Relationships Matter

Relationships Matter

September 25, 2016  |  Ordinary Days of the Spirit, Sunday Letter

We are living in times when every day is another story of violence and political unrest, not just in South Africa, but all over the world. People are sharing that it is hard to read the morning paper and live with hope. The leaders who used to be–the Nelson Mandela’s, the Martin Luther King Jr’s, the Gandhi’s are sorely missed in the world today. Yet, if we want a better tomorrow, we can’t complain it into being. We must join in the work of building it. In the building of a better tomorrow, relationships matter.

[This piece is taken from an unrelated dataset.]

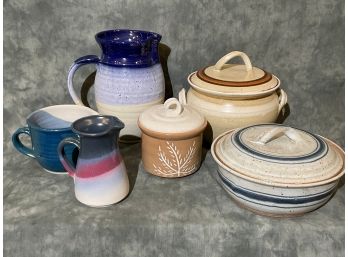 (MC108) Lot Of 6 NW Studio Signed Pottery Pots And Bowls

Relationships across boundaries of division can be like the bell in Central Methodist Mission that rang years ago. It no longer rings today, because if it did it would shake the foundation underneath the buildings all around Greenmarket Square. Relationships across lines of division shake the foundations of the constructs in our minds. They allow for the texture of difference to be realized in ways that have potential to grow us in our ability to recognize our need of one another. An unnamed author penned these words “the best feeling in the world is that you actually mean something to someone.” “Yes!” We need to be engaging in relationships where we are saying with our commitment to be with, to work with, that “Yes!” you mean something to me and to the world and I am with you! I am with you in ear, in heart, in voice, and feet!

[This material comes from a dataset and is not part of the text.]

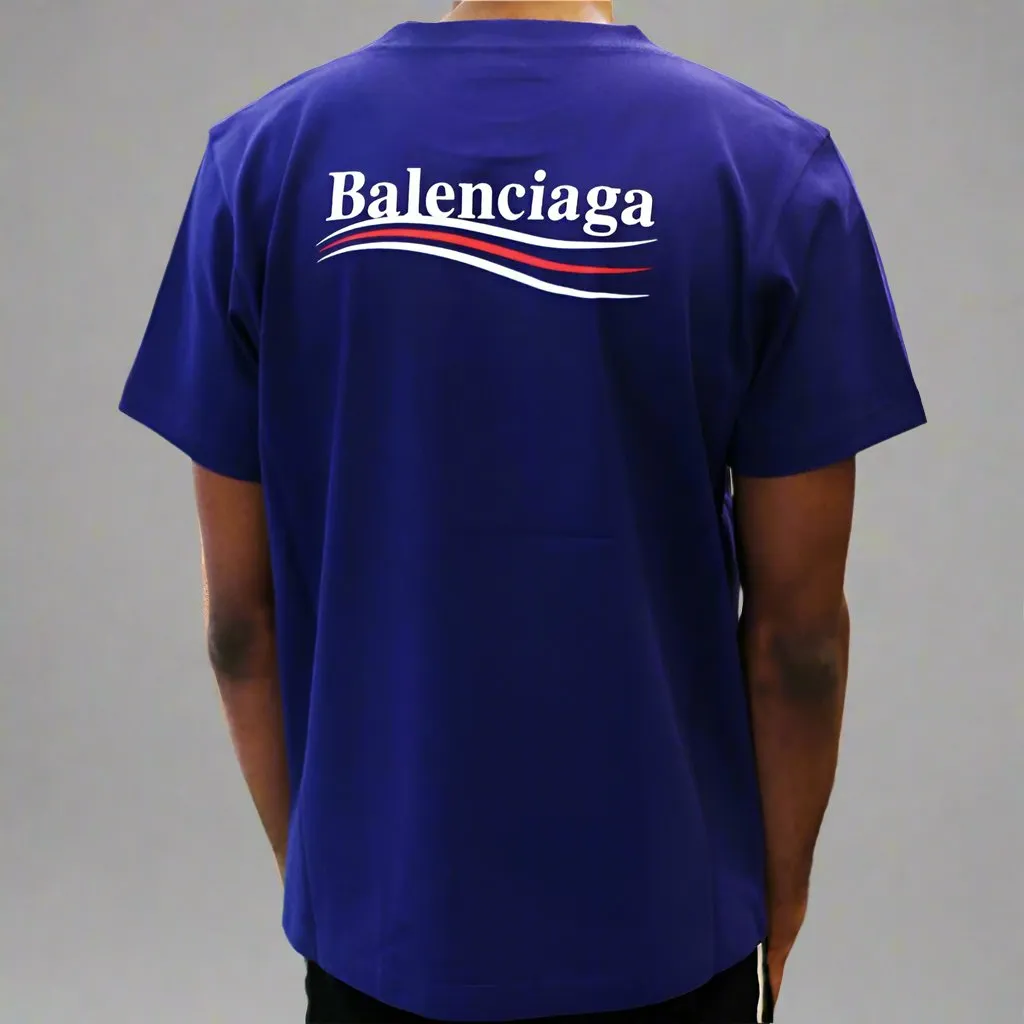 Balenciaga Political Campaign Embroidery Large Fit Tee Blue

There is a story of a beautiful working relationship that was born in Durham, North Carolina, the city Alan Storey just happens to be teaching in right now, between a PhD level theologian the Rev. Canon Dr. Samuel Wells and a community activist Marcia Owens. Marcia represents an organization called the Religious Coalition for a non-violent Durham. She organizes vigils for homicide victims that die by gunshot wounds. Together they worked with one another to write a book called, living without enemies—Being present in the midst of violence. Their work is a beautiful gift to the world in that it illustrates commitment even beyond the penned word. They have stood together in the midst of the violence of the world—a symbol of light and hope to those who feel alone in their struggle for justice and forgotten in their pain and loss.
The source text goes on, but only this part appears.